Cramer's 'Mad Money' Recap: Investing Mistakes to Avoid

 

Click here for an archive of Jim Cramer's Mad Money recaps.


Editor's note: This recap is from a show that aired in 2008

Jim Cramer devoted his "Mad Money Show" Friday to talk about several mistakes viewers should avoid when they invest.

First, he said, investors need to understand the difference between an investment and a trade. "A trade is when you buy a stock for some specific event, a catalyst," he said.

An investment, on the other hand, is based on a long-term thesis, "the idea that a stock has the potential to work over a long-time horizon."

Cramer said it would unwise to sell a stock you believe in for the long term just because it's "gone up a lot off some catalyst."

Doing so, he said, will lead you to get out before the best gains have arrived.

Cramer illustrated the point by talking about his youngest child's desire to buy a second Apple (AAPL Quote) iPod.

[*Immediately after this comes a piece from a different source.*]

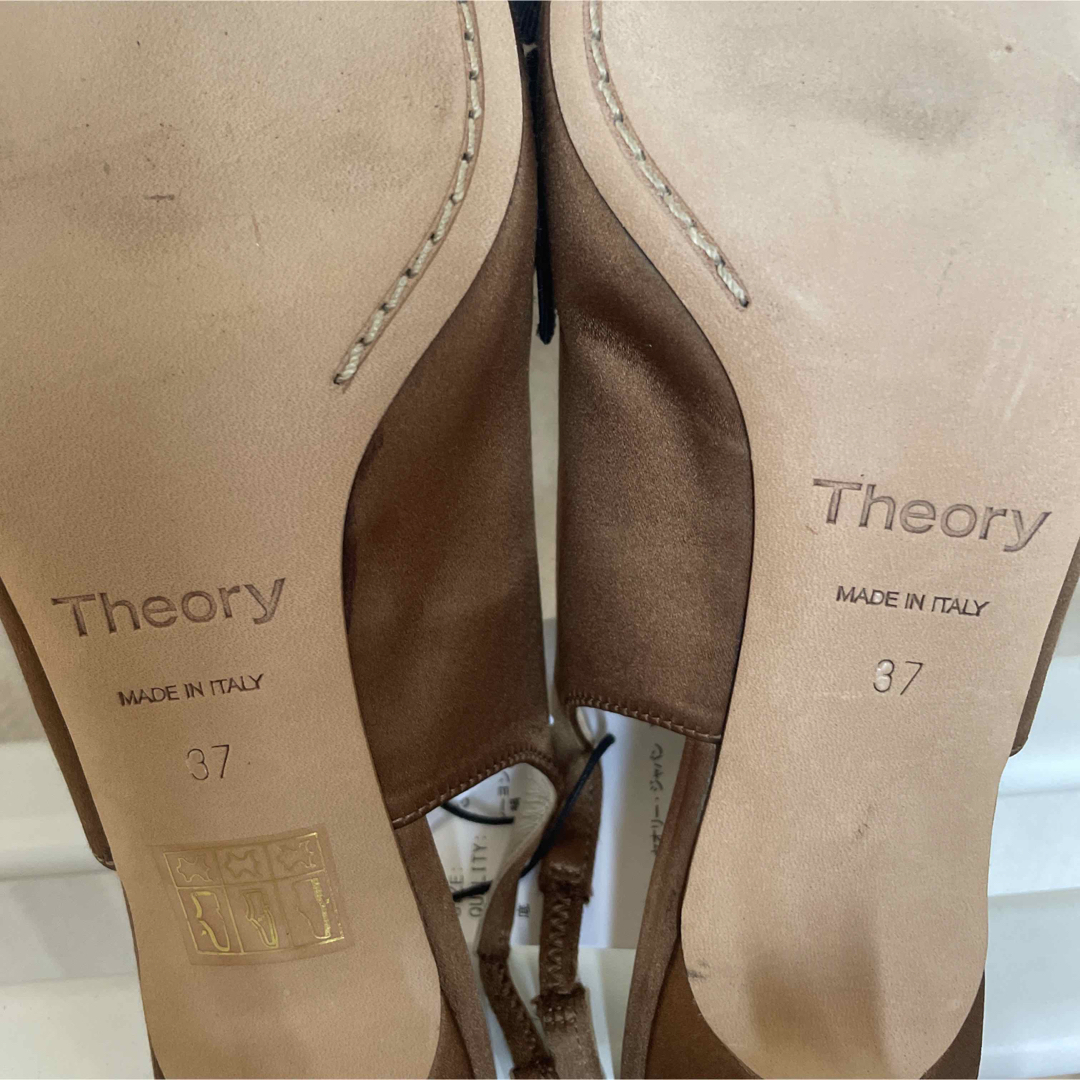 theory(セオリー)の⭐︎本日限定値下げ❣️新品‼︎Theoryリボンシューズ❣️お買い得❣️ レディースの靴/シューズ(ハイヒール/パンプス)の商品写真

At first he couldn't understand why she should want another one, but then he realized the significance of the iPod as a "fashion accessory" and presto, that insight turned into an investment thesis for the stock.

He bought Apple at $26 and enjoyed a huge run-up in the stock.

Bottom line: Don't turn a good investment into a trade before your thesis has a chance to take the stock much higher, he said.